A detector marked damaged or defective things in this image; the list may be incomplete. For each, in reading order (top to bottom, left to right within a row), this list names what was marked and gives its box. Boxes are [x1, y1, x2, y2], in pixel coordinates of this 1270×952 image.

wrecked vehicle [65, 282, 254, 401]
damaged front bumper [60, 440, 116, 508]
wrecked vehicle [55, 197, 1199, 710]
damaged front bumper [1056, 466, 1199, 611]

◇ ◇ ◇ ◇ ◇

● ACTIVITY: Every one of the entries must be printed exactly.

● OUTPUT OF THE EXERCISE:
A detector marked damaged or defective things in this image; the list may be incomplete. For each, in reading order (top to bottom, left to right within a row), this list names what was marked and gives its box. Boxes are [x1, y1, x2, y2], in pixel coordinates of this 1270×952 image.

wrecked vehicle [65, 282, 254, 401]
damaged front bumper [60, 440, 116, 508]
wrecked vehicle [55, 197, 1199, 710]
damaged front bumper [1056, 466, 1199, 611]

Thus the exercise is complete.